■ **WHAT NEEDS TO BE DONE**
Write out the listing exactly, dropping any picture it contains.

==== INFORMATION SHOWN

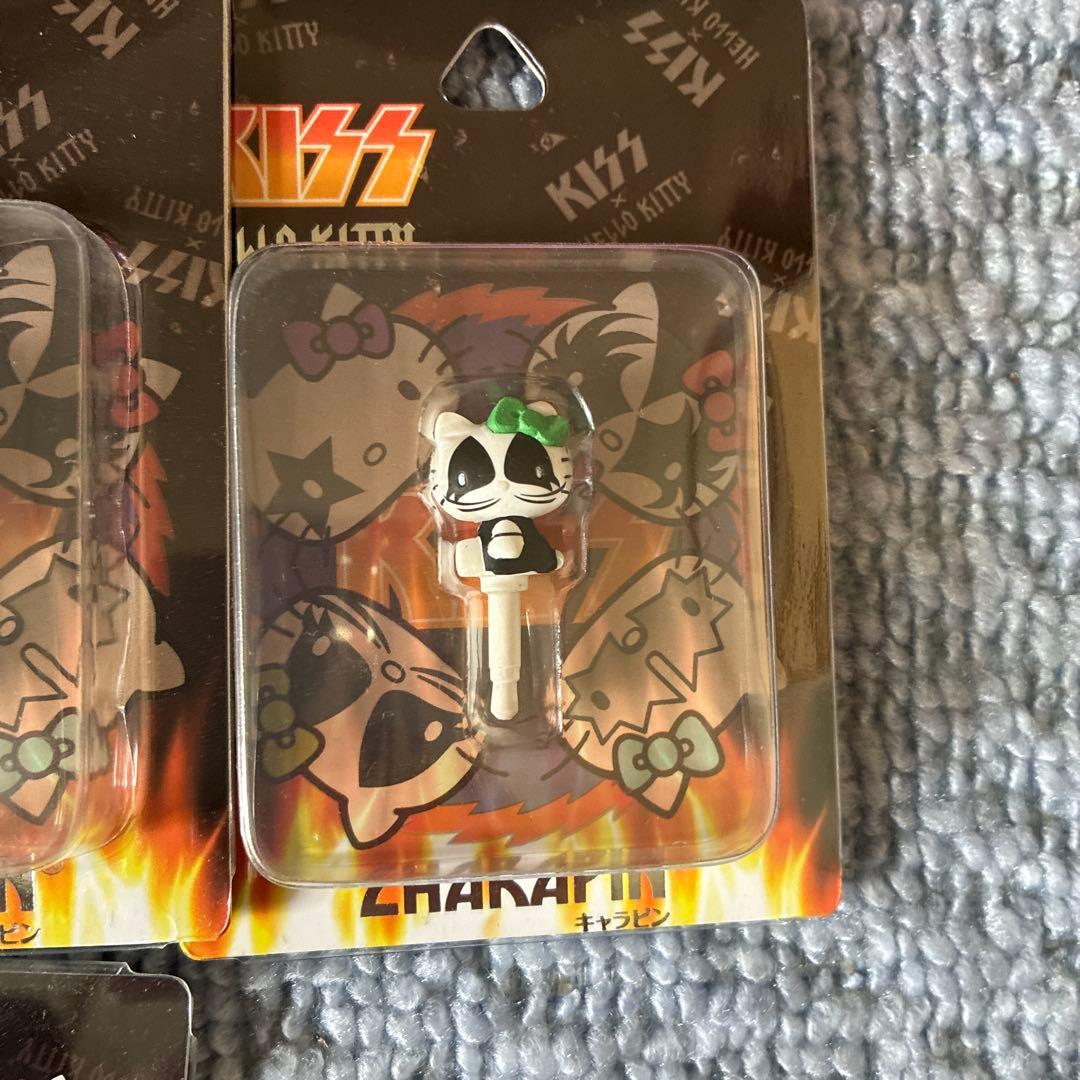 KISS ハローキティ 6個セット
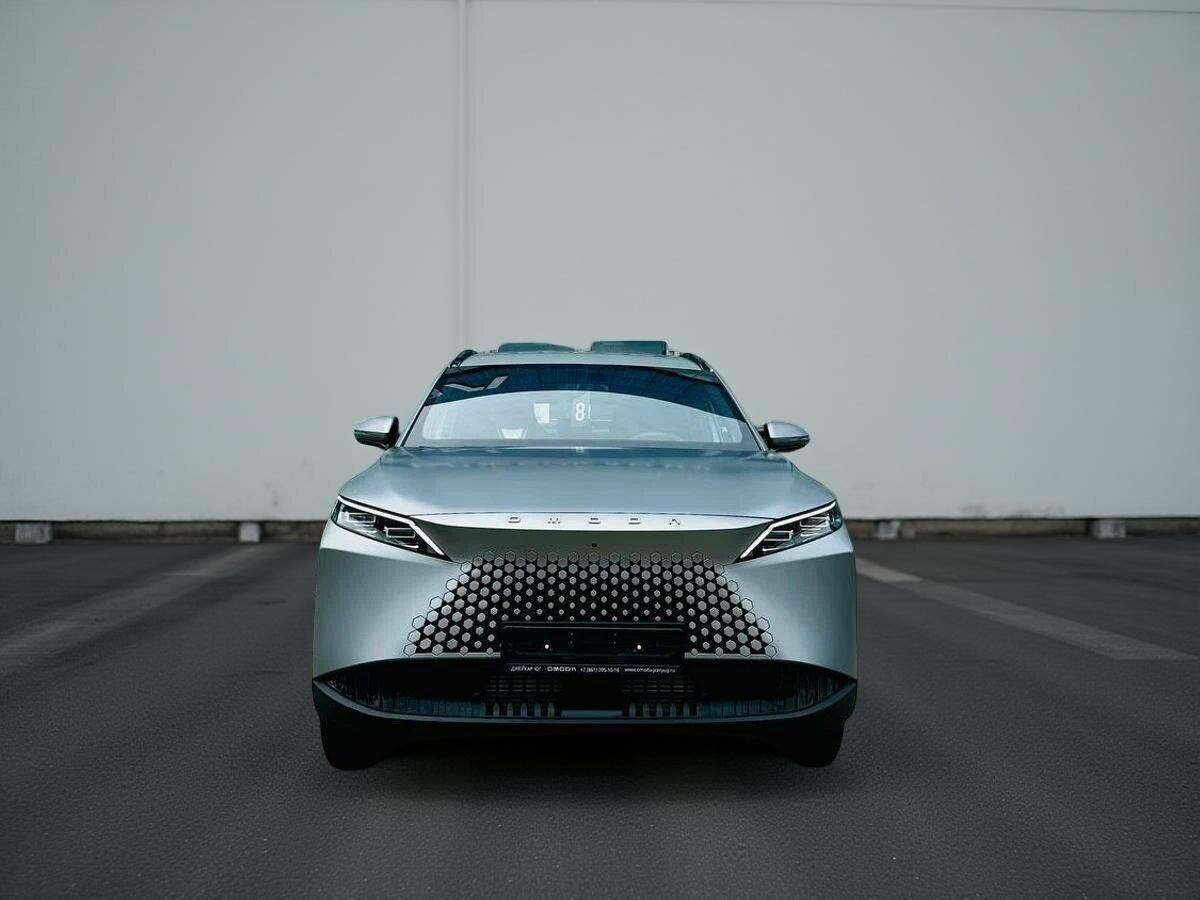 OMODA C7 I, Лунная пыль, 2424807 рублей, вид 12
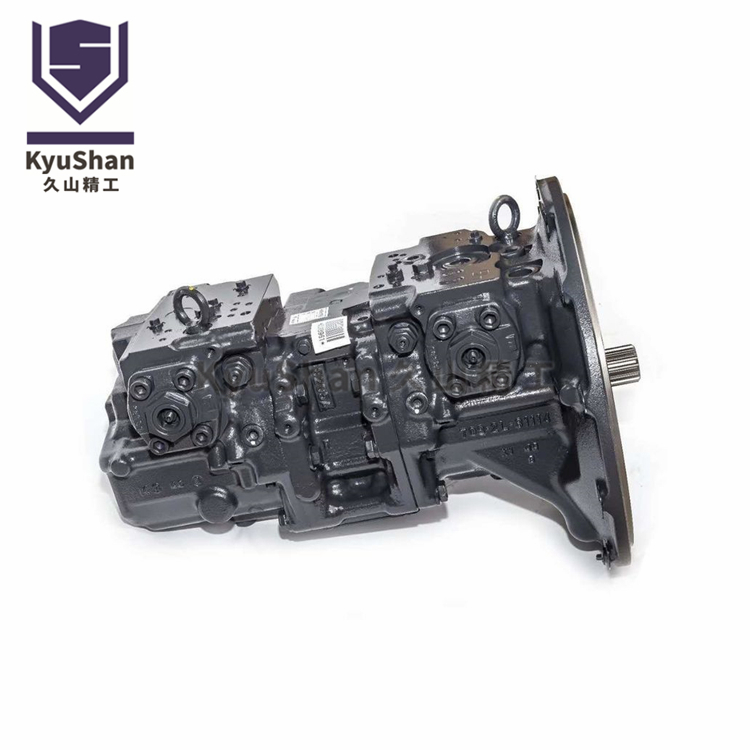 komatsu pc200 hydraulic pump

========

■ **TASK ANSWER**
 KISS ハローキティ 6個セット
 OMODA C7 I, Лунная пыль, 2424807 рублей, вид 12
 komatsu pc200 hydraulic pump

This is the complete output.